Back in May, streaming viewership surpassed that of broadcast and cable television for the first time. Last year, late-night shows brought in $220 million in ad revenue — a 50% drop from the $439 million they earned in 2018. When this year’s Emmy nominations were announced earlier in the week, the Outstanding Talk Series category only had three nominees — Colbert, Jimmy Kimmel Live! and The Daily Show — due to the category’s small number of submissions. When Taylor Tomlinson stepped down as the host of After Midnight in March, CBS decided to cancel the show entirely instead of replacing her. Last June, NBC announced it was cutting the house band on Late Night With Seth Meyers as a cost-saving measure. That same year, it cut The Tonight Show down to four episodes a week instead of the five it had been producing for decades.
In other words, yes, things are looking pretty bleak for late-night talk shows in general. But pulling the plug on the most popular late-night show, one that’s been on the air for 10 years, is crossing the abyss. In Letterman’s era, networks were champing at the bit to get their own late-night programming, so much so that they’d poach a host from a rival network. Nowadays, the genre is in danger. Should Jimmy Fallon and Seth Meyers start dusting off their resumes?
There has been much speculation that Colbert’s cancellation may have been related to his recent comments about the $16 million settlement between Donald Trump and Paramount Global, CBS’s parent company. On Monday’s show, Colbert called the settlement — which some Democrats have criticized as a quid pro quo to get the Trump administration to approve a multi-billion-dollar merger between Paramount and Skydance Media — “a big fat bribe.” On Friday, the Writers Guild of America even called for a formal investigation into CBS’s decision to determine whether Colbert and his writers were “censored due to their views or the whims of the President.”
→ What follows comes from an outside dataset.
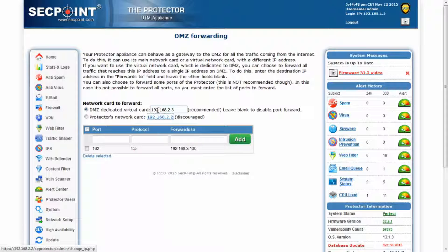If the Protector is configured to forward its own network card, not all traffic is allowed to be routed to the DMZ. Therefore, this option is recommended not to be your first choice and should be used only when it is not possible to assign more than one IP address to the Protector. When this option is selected, the list of ports that should be forwarded to the DMZ can be added in this list.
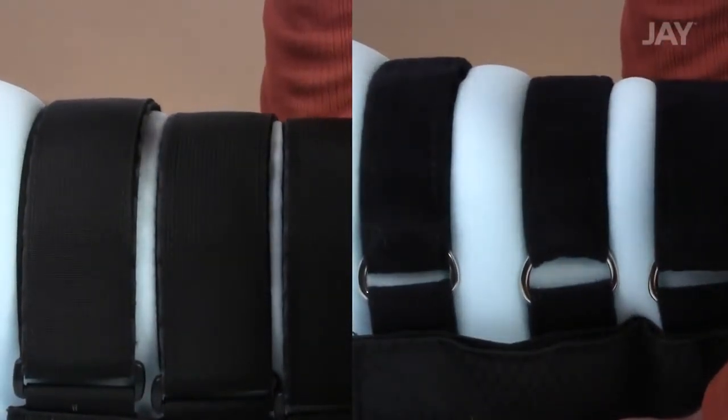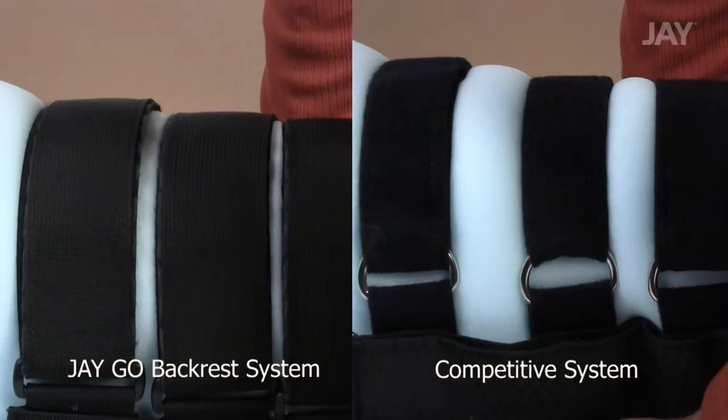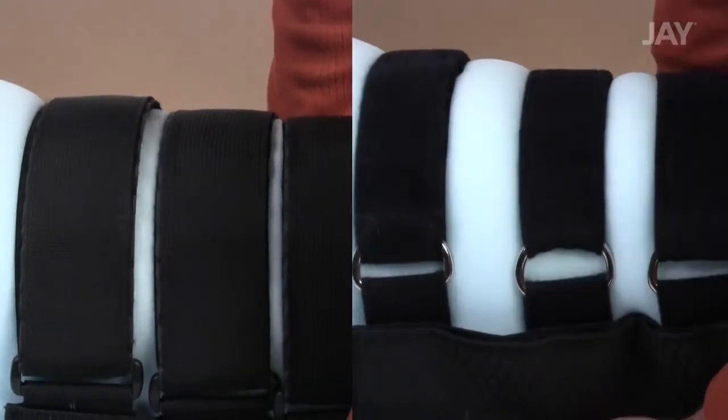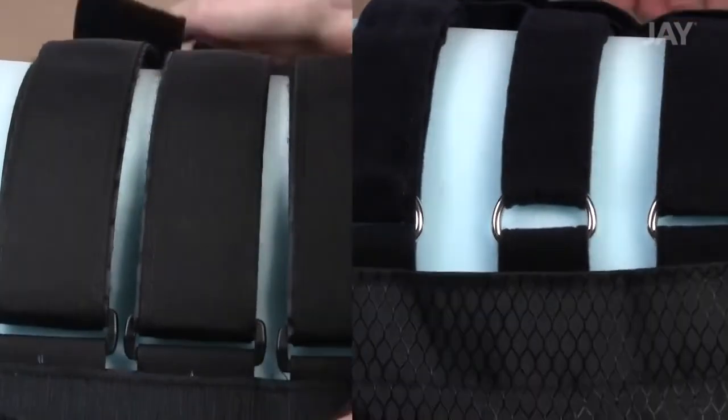As you can see, when these two systems are stretched over a piece of foam, the competitive strap system allows the foam to pop through the gaps. If you ever sit in a lawn chair with a missing strap or straps, you'll understand why this could be a problem.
If that were the case, why would CBS throw the baby out with the bathwater? If they really felt that Colbert was a threat to their big pending payday, couldn’t they simply fire him and find a new Late Show host? Late-night TV has a long history of hosts biting the hand that feeds them; think about how many jokes Conan O’Brien made about NBC during the 2010 Tonight Show debacle. This move isn’t simply a corporation trying to shut up Colbert — it’s a network making a conscious choice to move away from late-night programming as a whole because they no longer see it as a money-making prospect. Even if politics are at play here, CBS won’t replace Colbert because they know the genre is on its last legs.